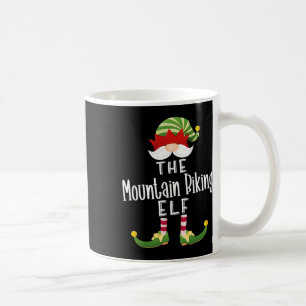 Caneca De Café Grupo de Elfo de Ciclismo de Montanha Natal Piada 
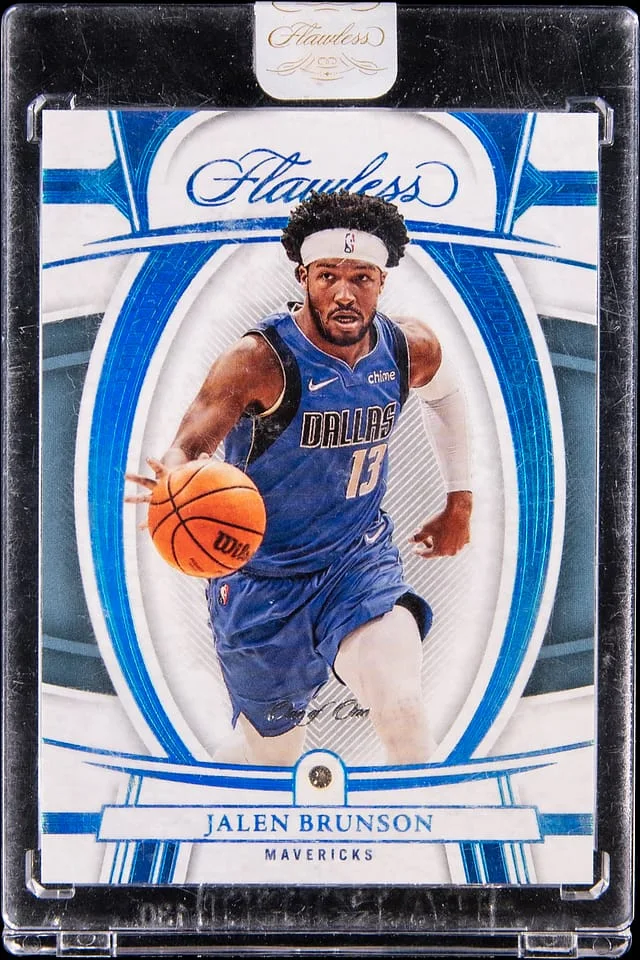 2021-22 Panini Flawless Jalen Brunson Diamond Platinum #33 card image
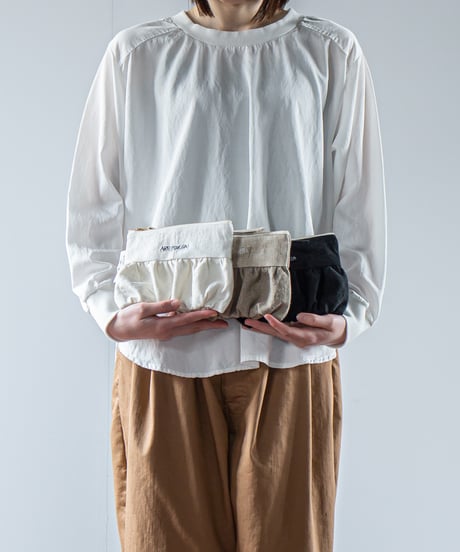 ARTE POVERA｜【 26WI21 】 イタリアシーツ RE-ポーチ(S)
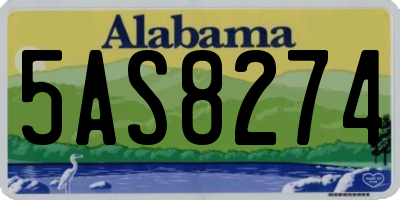 AL license plate 5AS8274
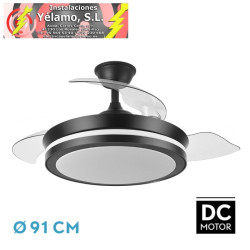 VENTILADOR DC ESPARTA NEGRO...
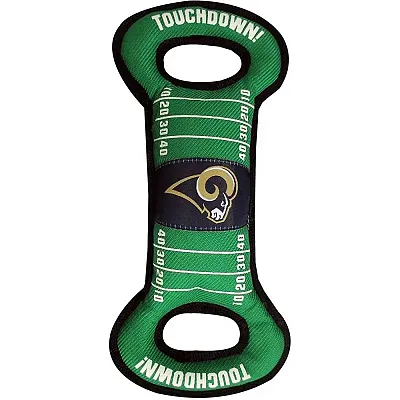 Pets First Los Angeles Rams Field Pull Dog Toy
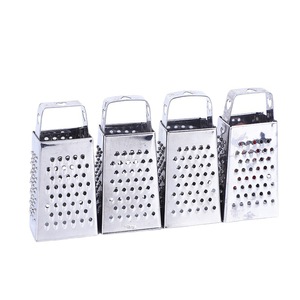 All Stainless Steel Handle 4 Sides <b>Tool</b> Multi Heart Shaped Mini Grater for <b>Fruits</b> Cheese Ginger <b>Vegetable</b> Slicer - Product Image 1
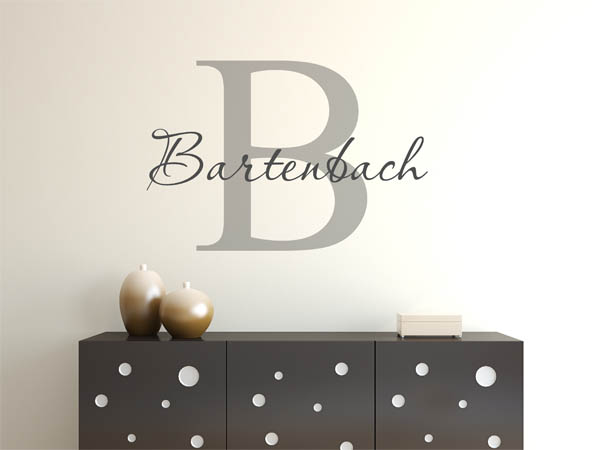 Wandtattoo Bartenbach Nachname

• **Exercise prompt**: Restate each entry word for word, leaving out any pictures.

• **Response below**:
 Caneca De Café Grupo de Elfo de Ciclismo de Montanha Natal Piada 
 2021-22 Panini Flawless Jalen Brunson Diamond Platinum #33 card image
 ARTE POVERA｜【 26WI21 】 イタリアシーツ RE-ポーチ(S)
 AL license plate 5AS8274
 VENTILADOR DC ESPARTA NEGRO...
 Pets First Los Angeles Rams Field Pull Dog Toy
 All Stainless Steel Handle 4 Sides <b>Tool</b> Multi Heart Shaped Mini Grater for <b>Fruits</b> Cheese Ginger <b>Vegetable</b> Slicer - Product Image 1
 Wandtattoo Bartenbach Nachname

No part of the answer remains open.